Entries supplied →

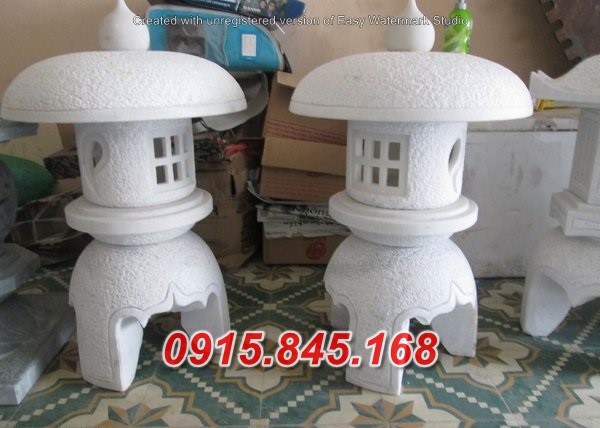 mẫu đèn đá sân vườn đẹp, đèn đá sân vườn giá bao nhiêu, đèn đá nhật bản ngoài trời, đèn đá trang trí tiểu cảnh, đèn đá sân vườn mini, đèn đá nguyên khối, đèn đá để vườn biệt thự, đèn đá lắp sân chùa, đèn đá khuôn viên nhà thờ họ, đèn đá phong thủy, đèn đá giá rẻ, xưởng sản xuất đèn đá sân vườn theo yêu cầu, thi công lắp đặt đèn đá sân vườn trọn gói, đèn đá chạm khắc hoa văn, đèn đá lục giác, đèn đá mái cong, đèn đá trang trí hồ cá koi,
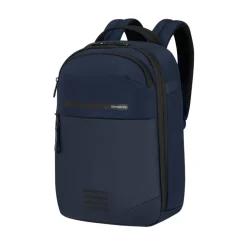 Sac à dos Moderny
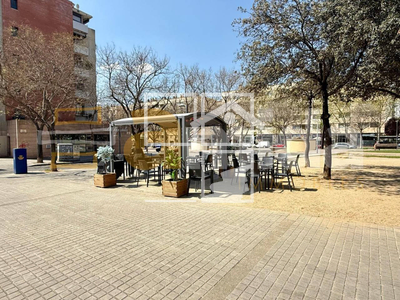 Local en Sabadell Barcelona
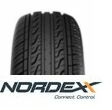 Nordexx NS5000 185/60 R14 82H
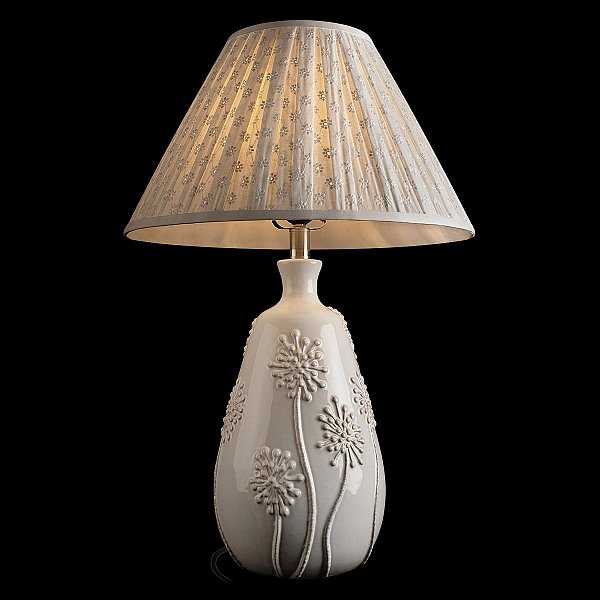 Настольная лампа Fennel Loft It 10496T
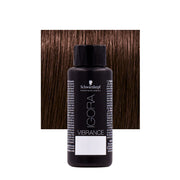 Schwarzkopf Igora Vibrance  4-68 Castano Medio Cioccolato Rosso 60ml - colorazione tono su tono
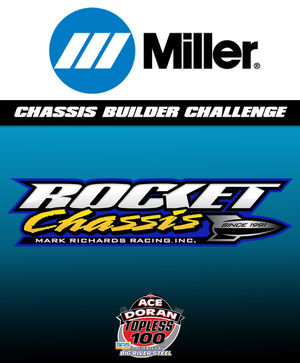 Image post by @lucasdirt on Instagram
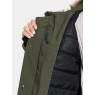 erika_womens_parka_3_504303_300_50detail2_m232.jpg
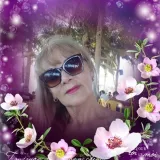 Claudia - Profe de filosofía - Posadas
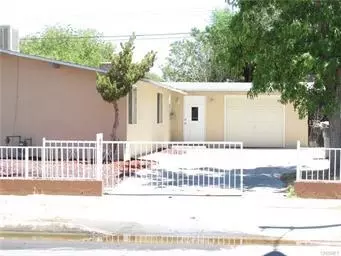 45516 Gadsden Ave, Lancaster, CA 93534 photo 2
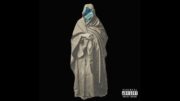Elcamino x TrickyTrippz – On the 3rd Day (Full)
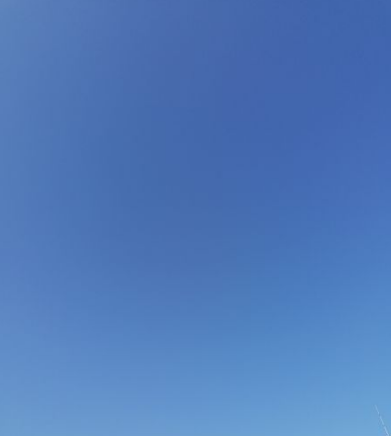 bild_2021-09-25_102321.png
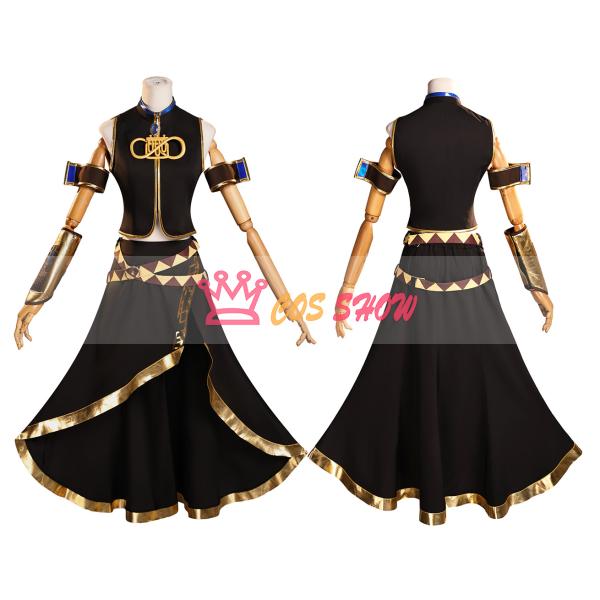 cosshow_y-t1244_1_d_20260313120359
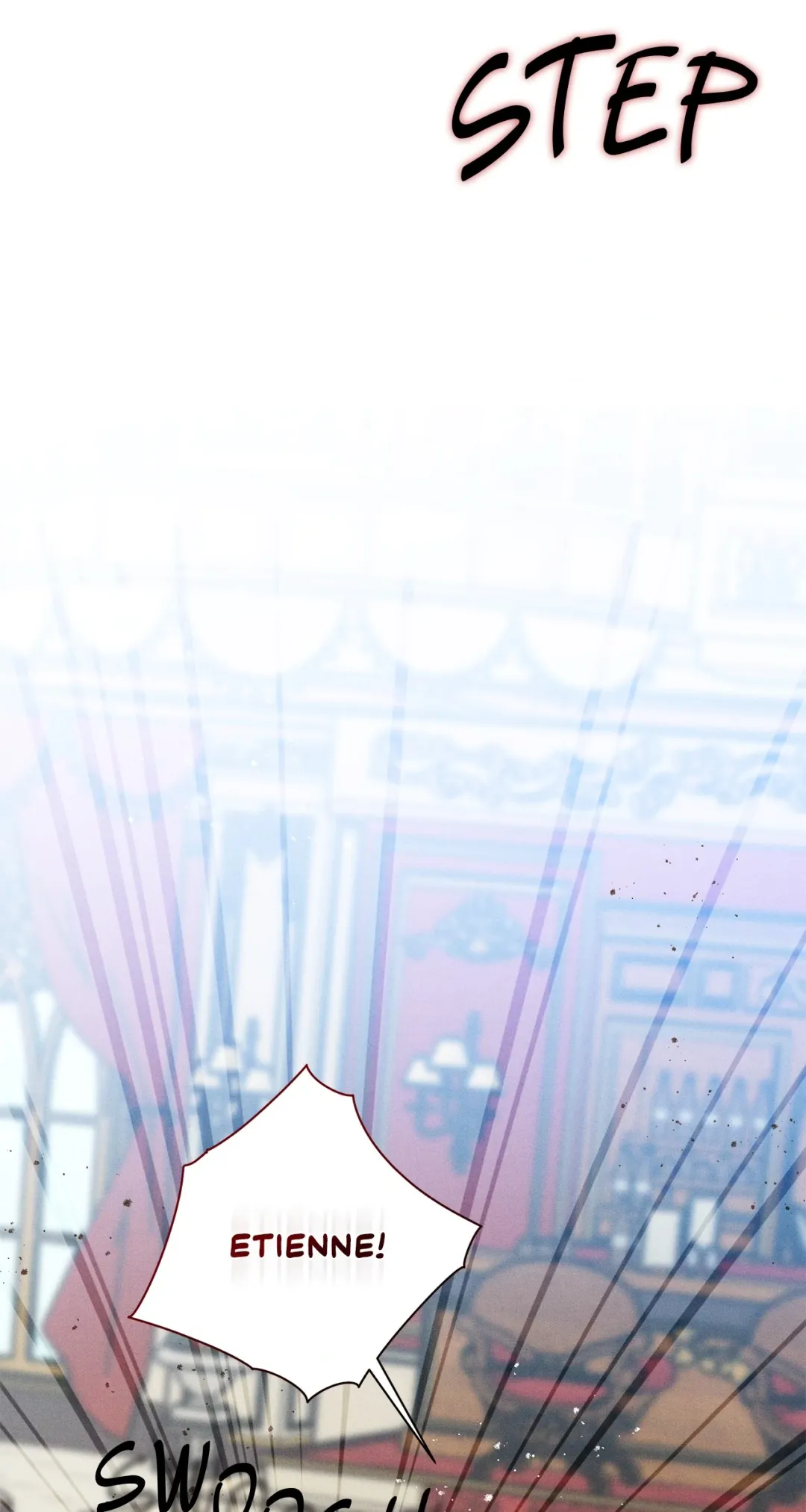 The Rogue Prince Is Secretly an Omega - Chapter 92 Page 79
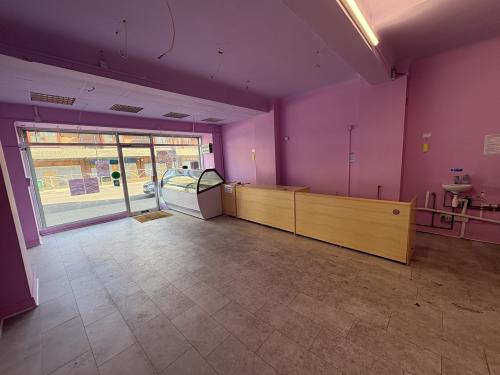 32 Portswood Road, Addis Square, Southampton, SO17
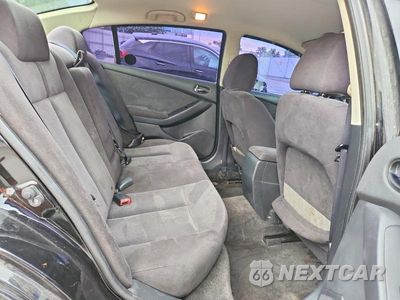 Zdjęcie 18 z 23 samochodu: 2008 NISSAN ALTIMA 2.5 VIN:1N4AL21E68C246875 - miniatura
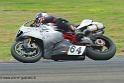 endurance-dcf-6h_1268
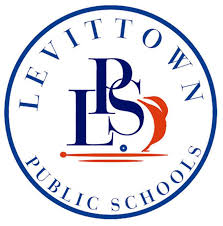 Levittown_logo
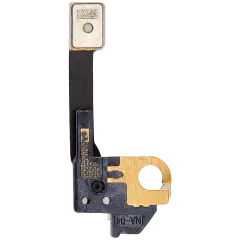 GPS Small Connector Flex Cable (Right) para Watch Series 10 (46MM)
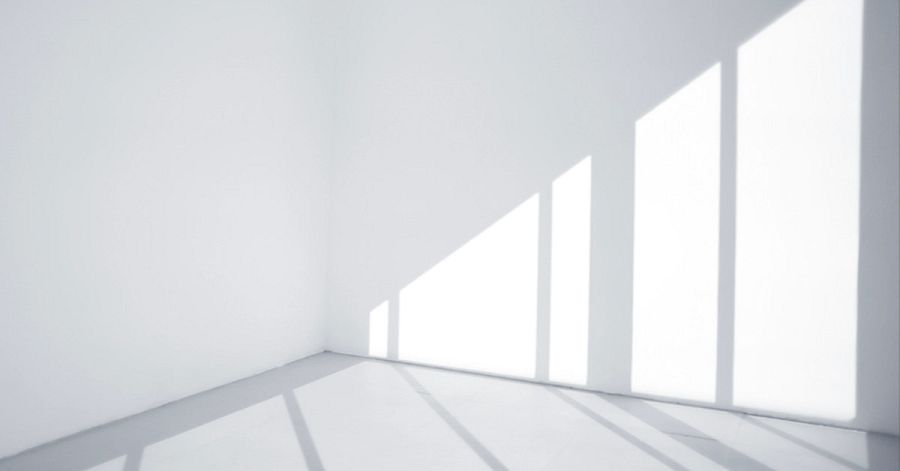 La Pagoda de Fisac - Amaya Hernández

Activity → Reproduce all the records verbatim, excluding images.

Problem solution →
 mẫu đèn đá sân vườn đẹp, đèn đá sân vườn giá bao nhiêu, đèn đá nhật bản ngoài trời, đèn đá trang trí tiểu cảnh, đèn đá sân vườn mini, đèn đá nguyên khối, đèn đá để vườn biệt thự, đèn đá lắp sân chùa, đèn đá khuôn viên nhà thờ họ, đèn đá phong thủy, đèn đá giá rẻ, xưởng sản xuất đèn đá sân vườn theo yêu cầu, thi công lắp đặt đèn đá sân vườn trọn gói, đèn đá chạm khắc hoa văn, đèn đá lục giác, đèn đá mái cong, đèn đá trang trí hồ cá koi,
 Sac à dos Moderny
 Local en Sabadell Barcelona
 Nordexx NS5000 185/60 R14 82H
 Настольная лампа Fennel Loft It 10496T
 Schwarzkopf Igora Vibrance  4-68 Castano Medio Cioccolato Rosso 60ml - colorazione tono su tono
 Image post by @lucasdirt on Instagram
 erika_womens_parka_3_504303_300_50detail2_m232.jpg
 Claudia - Profe de filosofía - Posadas
 45516 Gadsden Ave, Lancaster, CA 93534 photo 2
Elcamino x TrickyTrippz – On the 3rd Day (Full)
 bild_2021-09-25_102321.png
 cosshow_y-t1244_1_d_20260313120359
 The Rogue Prince Is Secretly an Omega - Chapter 92 Page 79
 32 Portswood Road, Addis Square, Southampton, SO17
 Zdjęcie 18 z 23 samochodu: 2008 NISSAN ALTIMA 2.5 VIN:1N4AL21E68C246875 - miniatura
 endurance-dcf-6h_1268
 Levittown_logo
 GPS Small Connector Flex Cable (Right) para Watch Series 10 (46MM)
 La Pagoda de Fisac - Amaya Hernández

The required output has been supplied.